---------- Extracted data

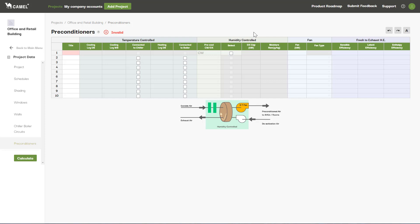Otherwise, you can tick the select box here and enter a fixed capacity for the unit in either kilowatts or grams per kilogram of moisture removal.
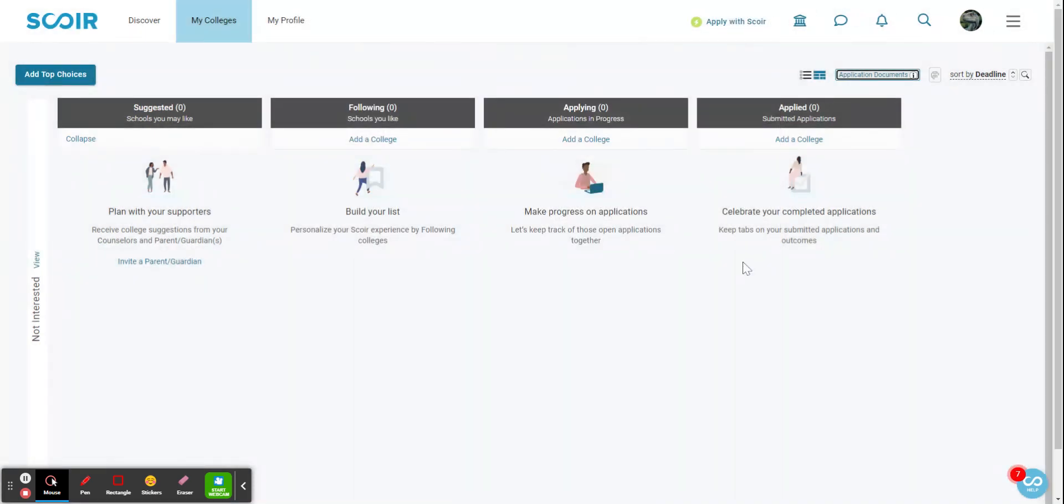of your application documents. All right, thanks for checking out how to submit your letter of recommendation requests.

--------------------
---------- Extracted data

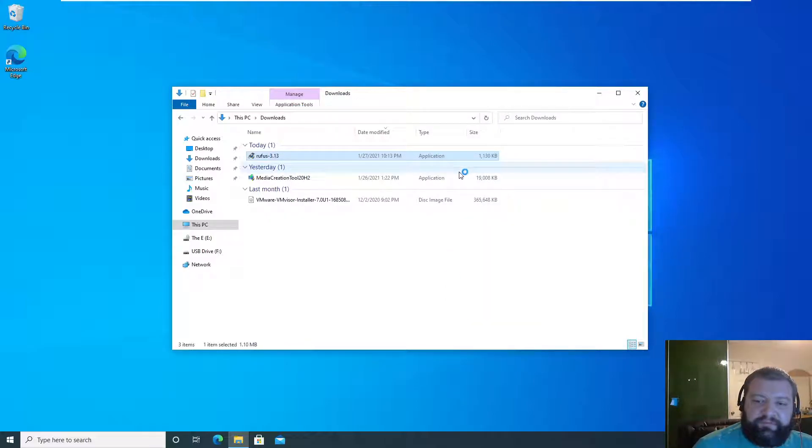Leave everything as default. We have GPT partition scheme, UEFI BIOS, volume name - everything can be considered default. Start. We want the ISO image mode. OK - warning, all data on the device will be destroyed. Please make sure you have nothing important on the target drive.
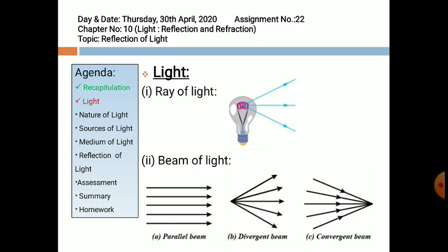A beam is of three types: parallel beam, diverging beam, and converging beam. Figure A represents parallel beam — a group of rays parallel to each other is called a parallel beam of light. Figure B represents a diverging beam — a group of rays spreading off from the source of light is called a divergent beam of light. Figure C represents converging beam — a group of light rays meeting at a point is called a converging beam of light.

--------------------
---------- Extracted data

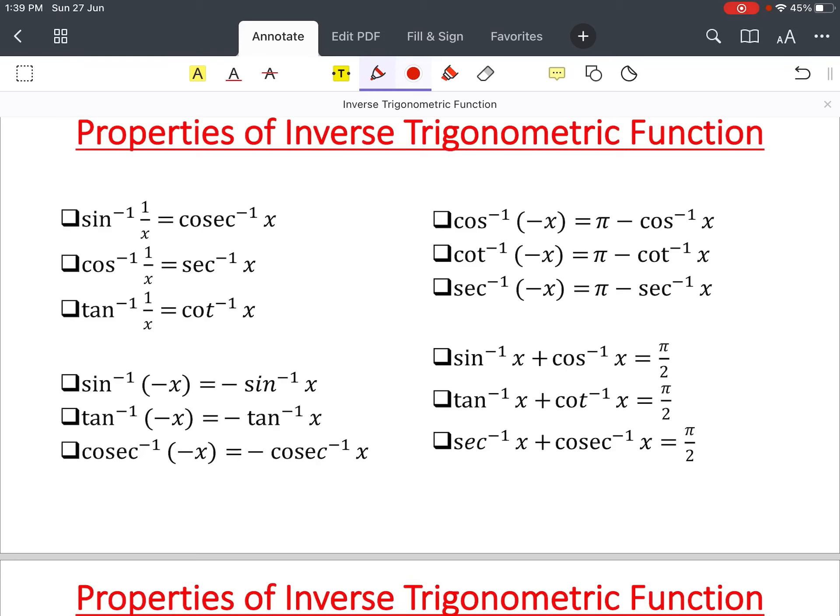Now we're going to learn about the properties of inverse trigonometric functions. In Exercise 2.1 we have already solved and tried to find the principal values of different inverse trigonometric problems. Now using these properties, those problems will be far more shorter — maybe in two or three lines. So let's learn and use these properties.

--------------------

**Exercise aim**
Look above for the line with "Otherwise, you can" and copy exactly from it through the line with "of your application", both included. Omit the pictures.

**Response box**
Otherwise, you can tick the select box here and enter a fixed capacity for the unit in either kilowatts or grams per kilogram of moisture removal.
of your application documents. All right, thanks for checking out how to submit your letter of recommendation requests.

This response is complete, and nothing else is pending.